**RECORDS FOR THE TASK:**

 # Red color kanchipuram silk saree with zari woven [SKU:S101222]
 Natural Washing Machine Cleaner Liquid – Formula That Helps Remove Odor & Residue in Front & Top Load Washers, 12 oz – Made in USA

* * *

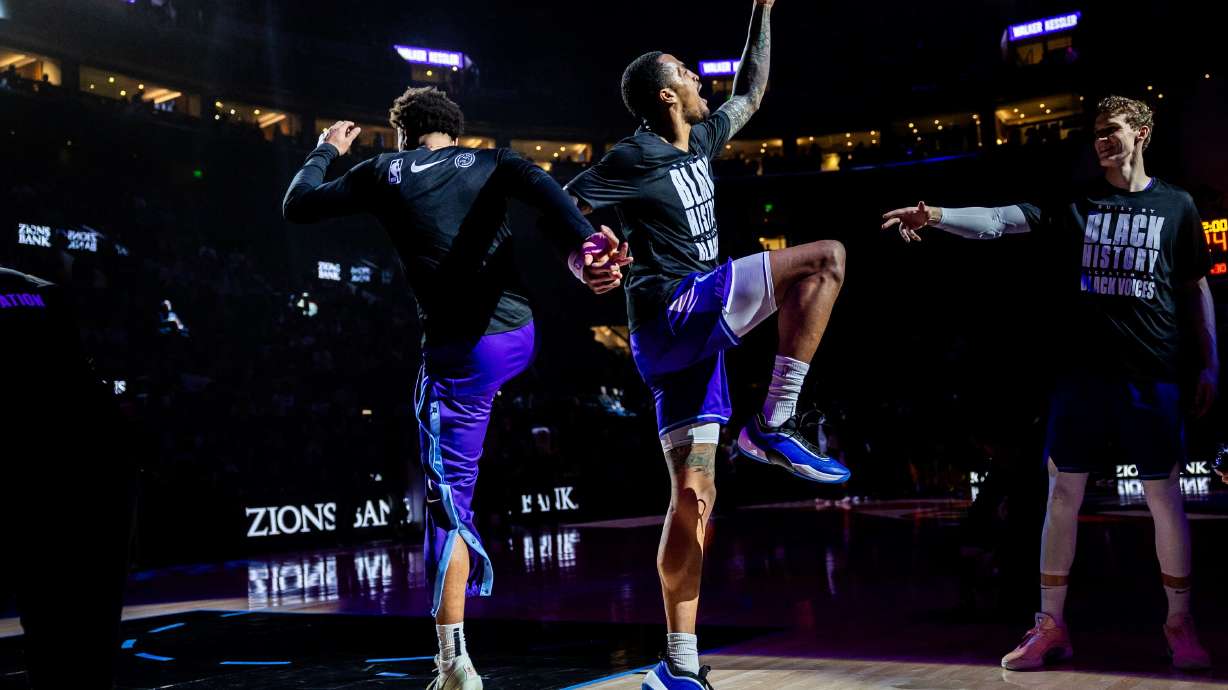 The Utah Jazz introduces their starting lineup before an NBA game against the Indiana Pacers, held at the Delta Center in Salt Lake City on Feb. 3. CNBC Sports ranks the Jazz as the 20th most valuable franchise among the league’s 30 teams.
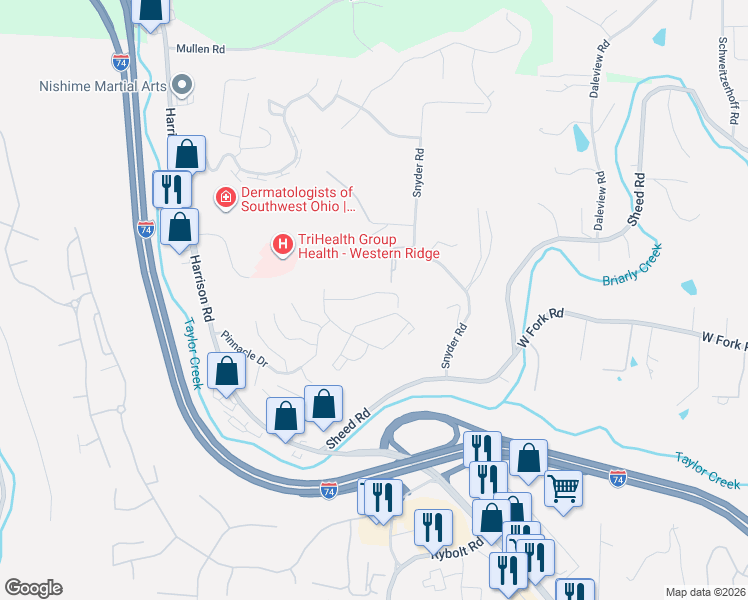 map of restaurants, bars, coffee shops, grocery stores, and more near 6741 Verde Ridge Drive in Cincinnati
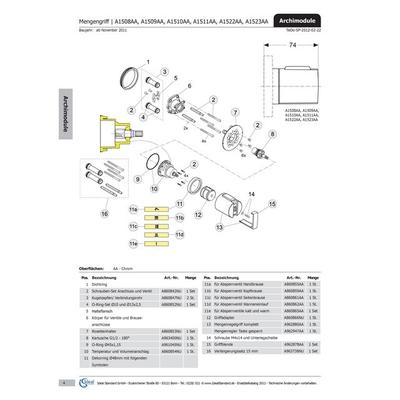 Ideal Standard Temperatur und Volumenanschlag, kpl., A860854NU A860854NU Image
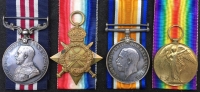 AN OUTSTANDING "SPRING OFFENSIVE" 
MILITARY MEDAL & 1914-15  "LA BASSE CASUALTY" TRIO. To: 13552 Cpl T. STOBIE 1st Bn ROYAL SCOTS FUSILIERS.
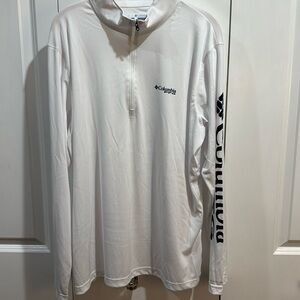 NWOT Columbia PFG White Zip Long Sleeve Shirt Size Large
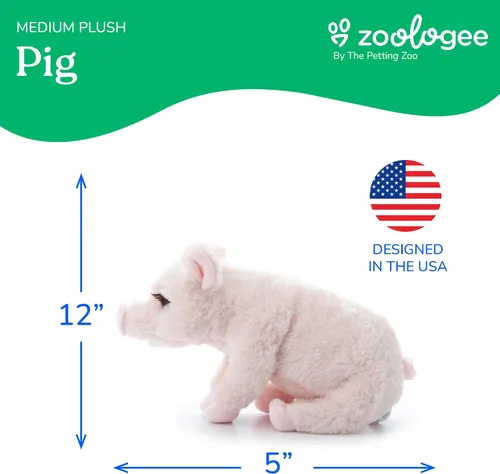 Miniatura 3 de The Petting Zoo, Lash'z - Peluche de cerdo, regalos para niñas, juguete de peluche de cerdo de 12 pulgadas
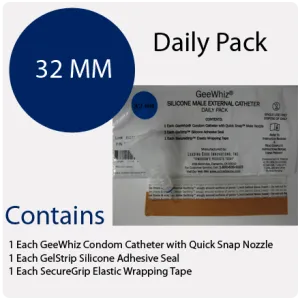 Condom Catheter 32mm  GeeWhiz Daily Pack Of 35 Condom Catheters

==

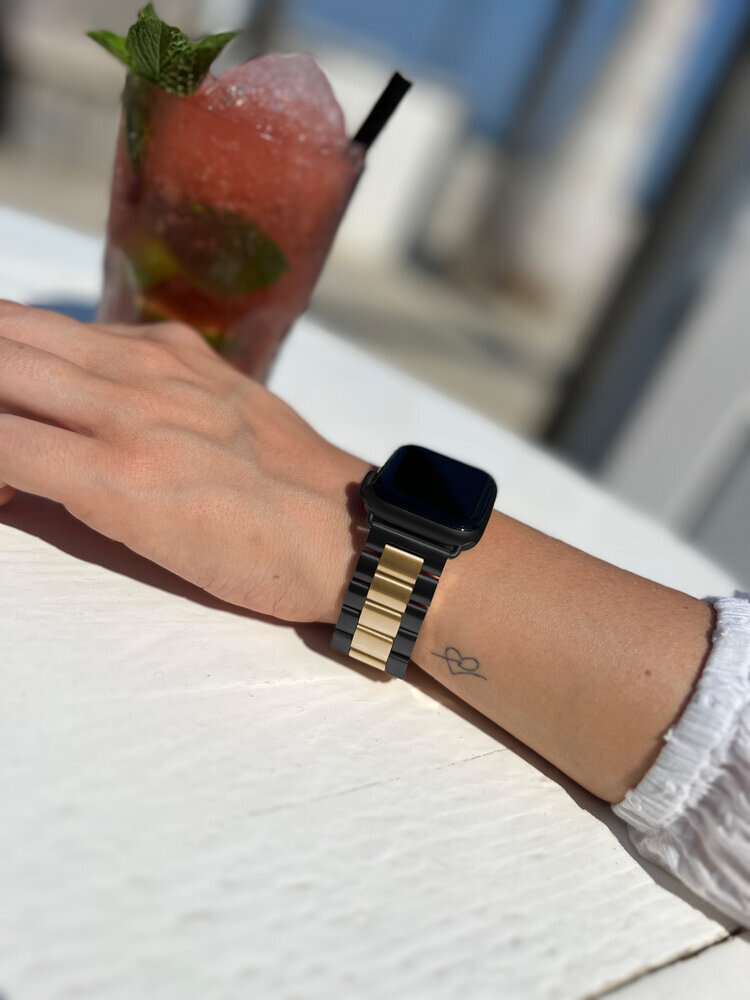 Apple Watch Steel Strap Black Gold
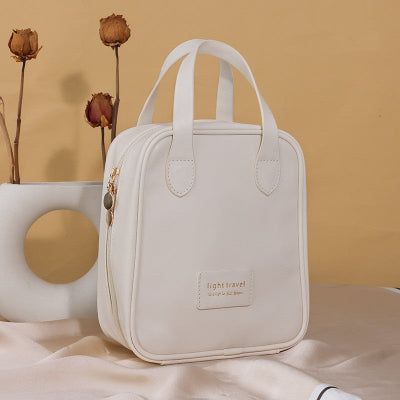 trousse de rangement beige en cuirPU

**WHAT THIS TASK INVOLVES:** The stretch of entries above that starts with the line containing "# Red color" and goes on through the line containing "Natural Washing Machine" is to be transcribed exactly, and no other line is to be transcribed.

**ANSWER TO THIS EXERCISE:**
 # Red color kanchipuram silk saree with zari woven [SKU:S101222]
 Natural Washing Machine Cleaner Liquid – Formula That Helps Remove Odor & Residue in Front & Top Load Washers, 12 oz – Made in USA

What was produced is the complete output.